Since only the words are wanted, reproduce every entry exactly and leave the images behind.

*** Opening of SOURCE DATA ***

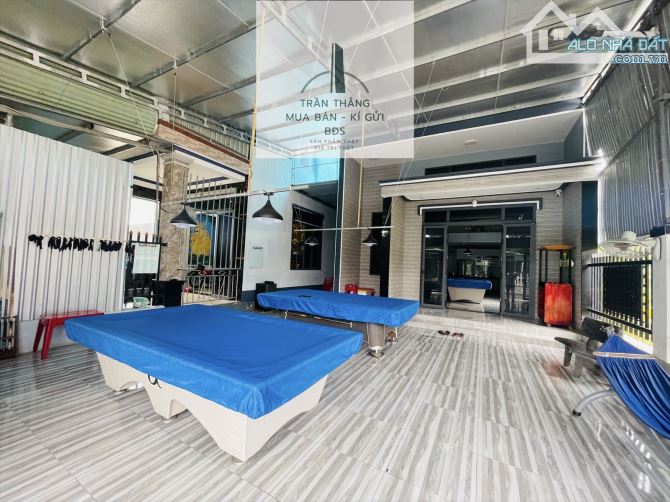 Bán Đất Tặng Căn Nhà Mới Xây - KDC - Nhà Đẹp - 2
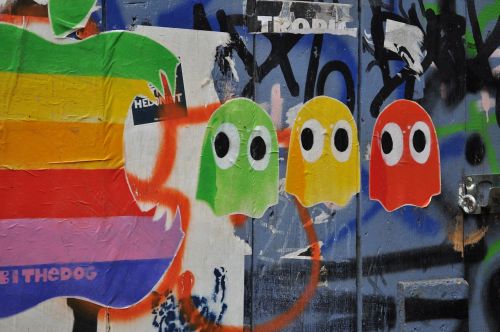 street art berlin hauswand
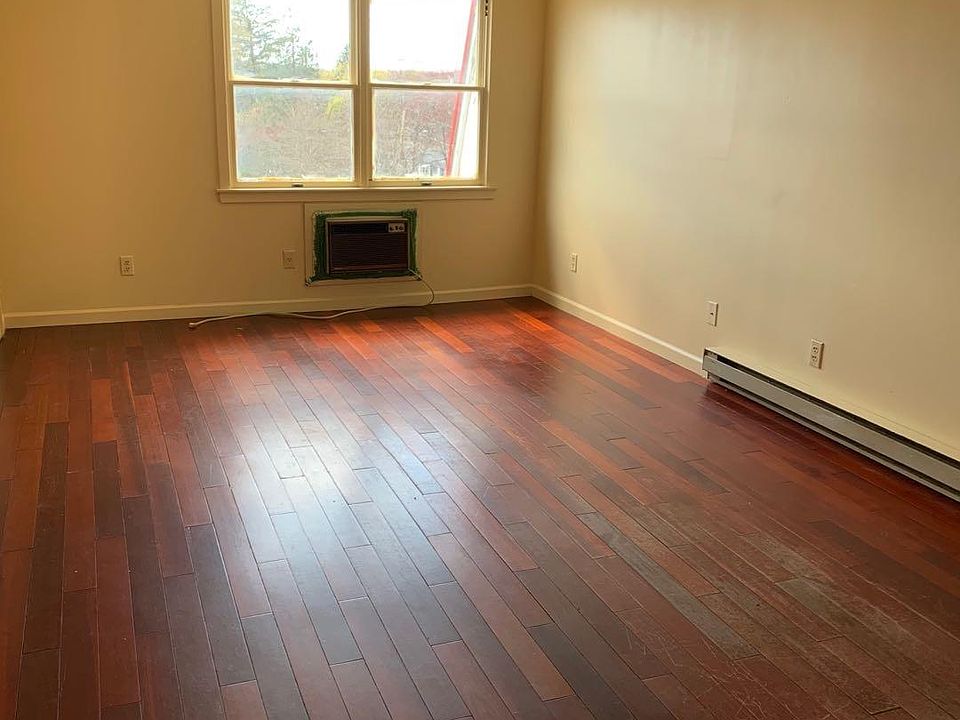 2nd image of 1055 Boston Post Rd #33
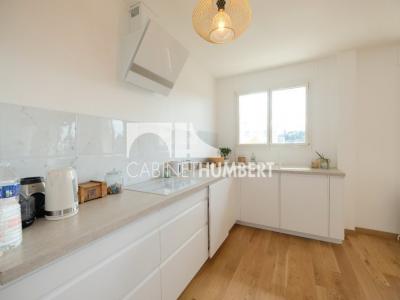 For sale Saint-etienne 4 rooms 89 m2 Loire (42000) photo 2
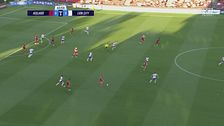 La sfida all'impossibile: il clamoroso gol sbagliato a porta vuota in Australia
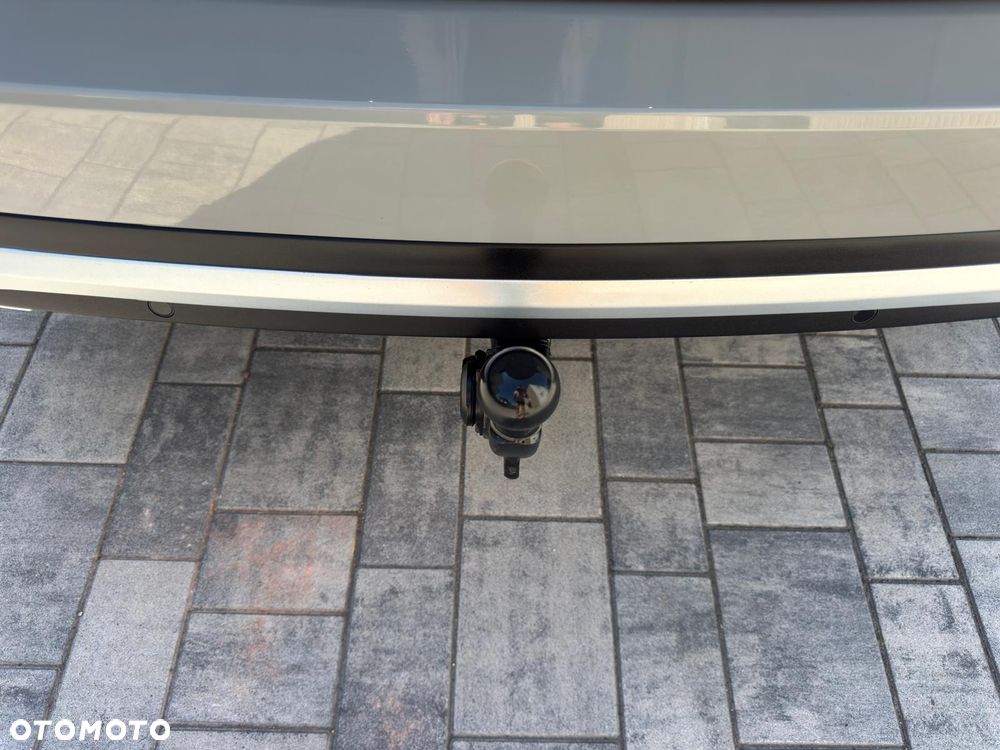 Skoda Superb 2.0 TDI SCR 4x4 Scout DSG - 8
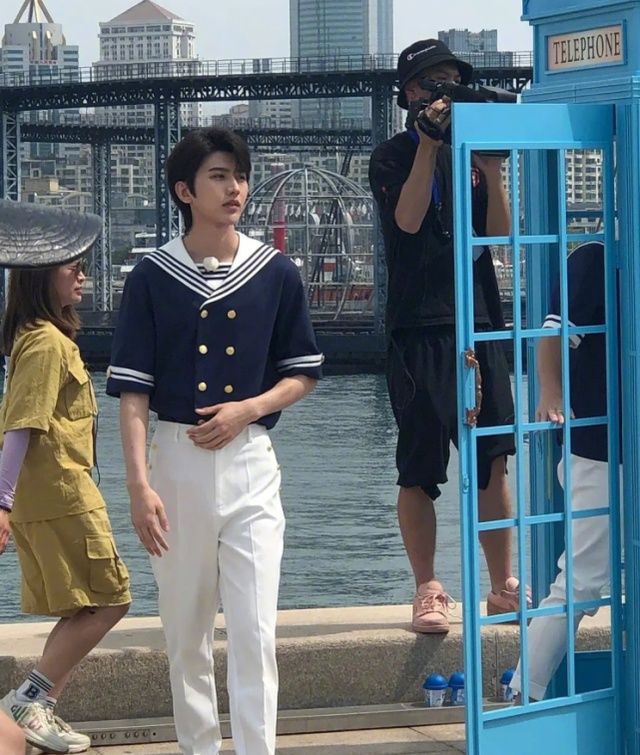  小姐姐|追星女孩太有正能量了！《奔跑吧》录制结束，蔡徐坤粉丝帮忙打扫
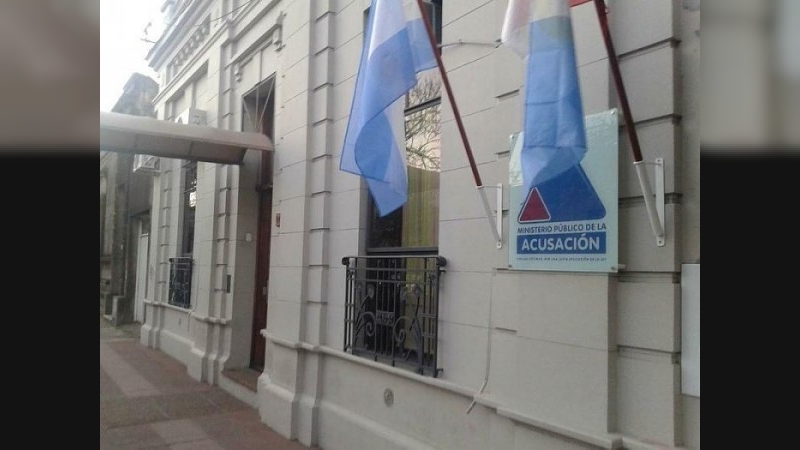 Continuará en prisión preventiva un hombre acusado de abusar sexualmente de su hija en Suardi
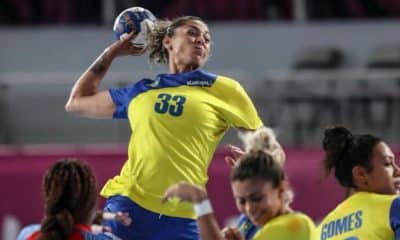 Jaqueline Anastácio troca de time pela champions league de handebol
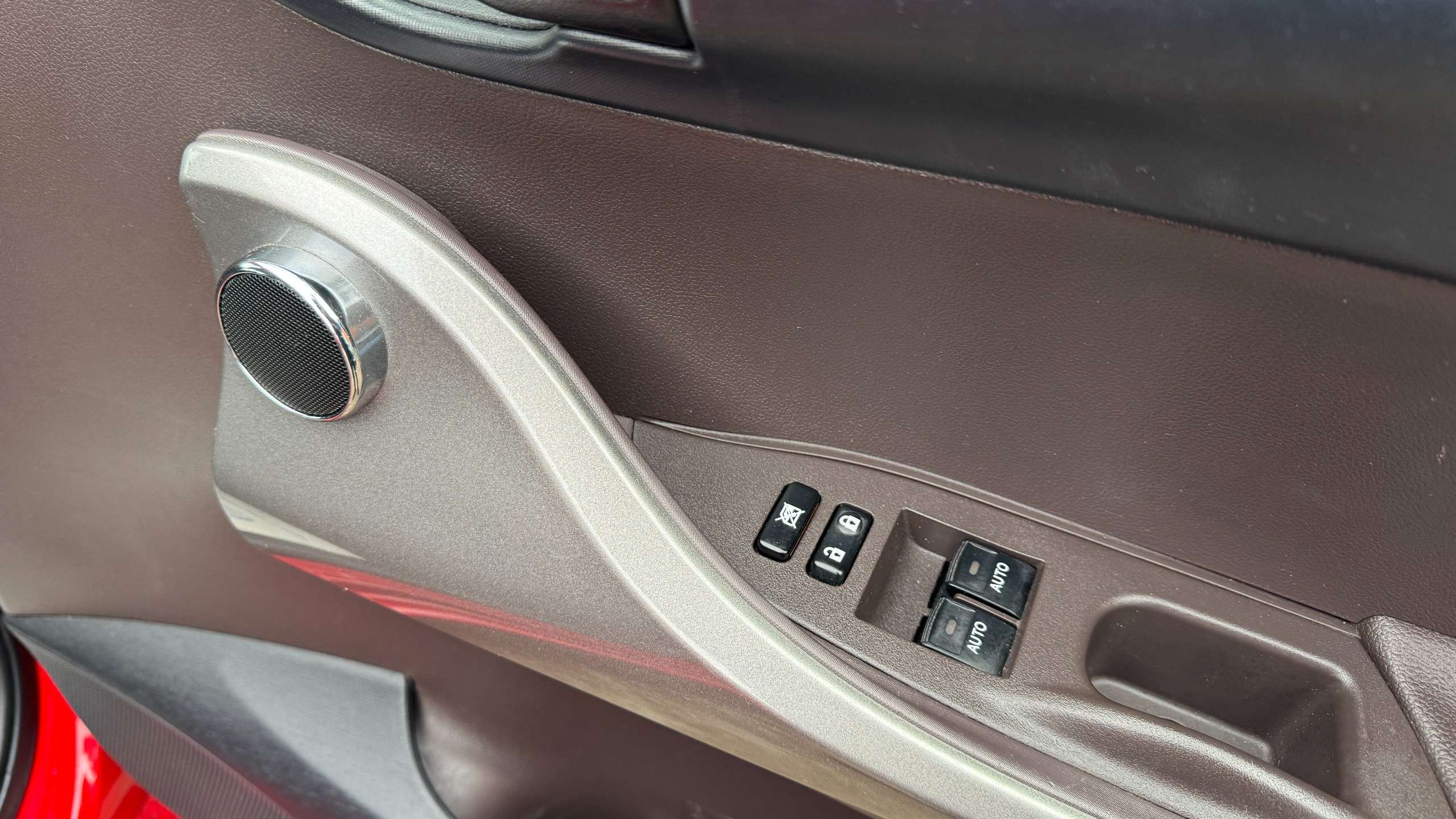 2012 TOYOTA IQ 2012 TOYOTA IQ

*** Close of SOURCE DATA ***

→ **ANSWER SPACE**
 Bán Đất Tặng Căn Nhà Mới Xây - KDC - Nhà Đẹp - 2
 street art berlin hauswand
 2nd image of 1055 Boston Post Rd #33
 For sale Saint-etienne 4 rooms 89 m2 Loire (42000) photo 2
 La sfida all'impossibile: il clamoroso gol sbagliato a porta vuota in Australia
 Skoda Superb 2.0 TDI SCR 4x4 Scout DSG - 8
  小姐姐|追星女孩太有正能量了！《奔跑吧》录制结束，蔡徐坤粉丝帮忙打扫
 Continuará en prisión preventiva un hombre acusado de abusar sexualmente de su hija en Suardi
 Jaqueline Anastácio troca de time pela champions league de handebol
 2012 TOYOTA IQ 2012 TOYOTA IQ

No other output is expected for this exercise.